◆ To do
For this exercise, copy exactly the lines below from the one with "Bruh It's Fri-Yay" through the one with "Toile murale abstraite" and leave out the pictures.

◆ Dataset excerpts
>>>>

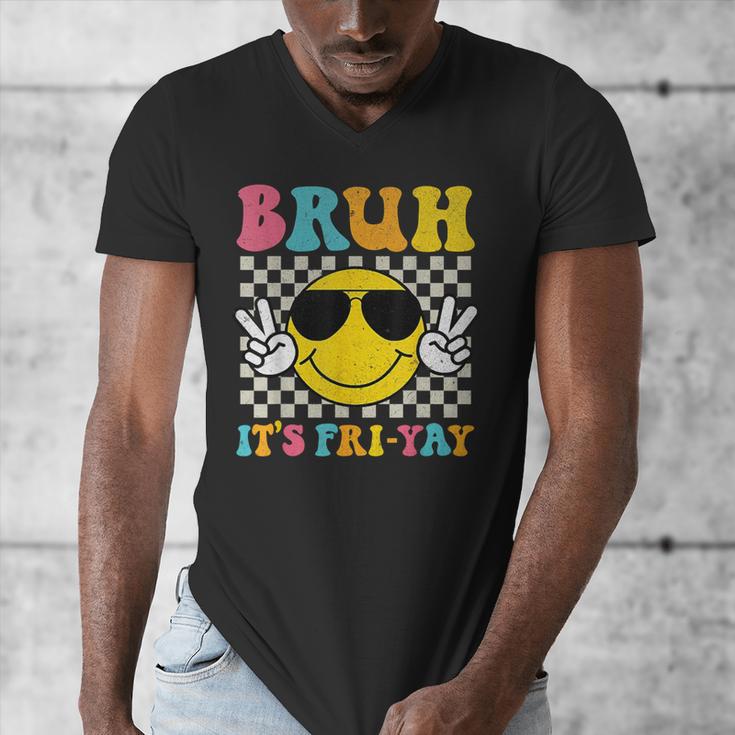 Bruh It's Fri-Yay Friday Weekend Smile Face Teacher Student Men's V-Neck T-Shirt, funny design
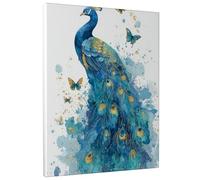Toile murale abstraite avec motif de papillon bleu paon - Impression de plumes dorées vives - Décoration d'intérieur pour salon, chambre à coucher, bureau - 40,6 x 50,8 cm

<<<<
>>>>

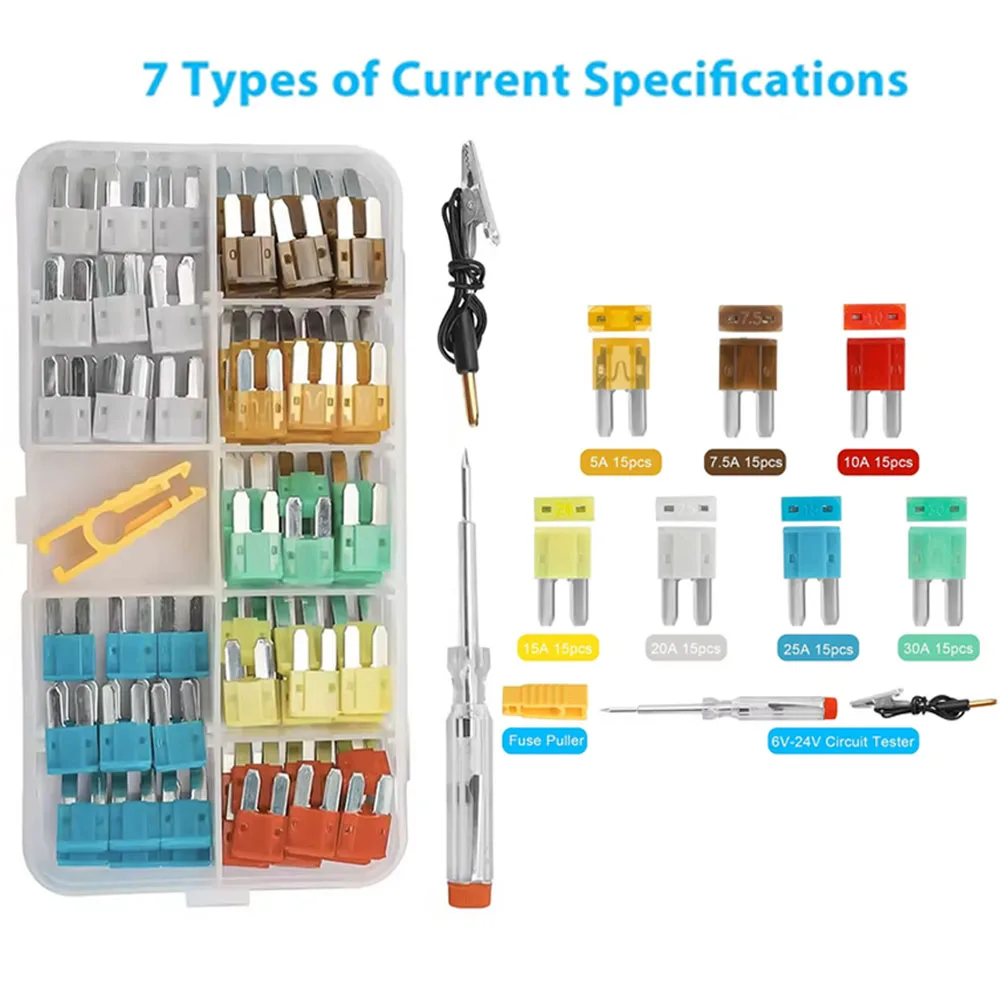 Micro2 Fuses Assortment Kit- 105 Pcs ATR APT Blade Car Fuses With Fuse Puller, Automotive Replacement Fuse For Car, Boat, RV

<<<<

◆ Answer to this task
 Bruh It's Fri-Yay Friday Weekend Smile Face Teacher Student Men's V-Neck T-Shirt, funny design
Toile murale abstraite avec motif de papillon bleu paon - Impression de plumes dorées vives - Décoration d'intérieur pour salon, chambre à coucher, bureau - 40,6 x 50,8 cm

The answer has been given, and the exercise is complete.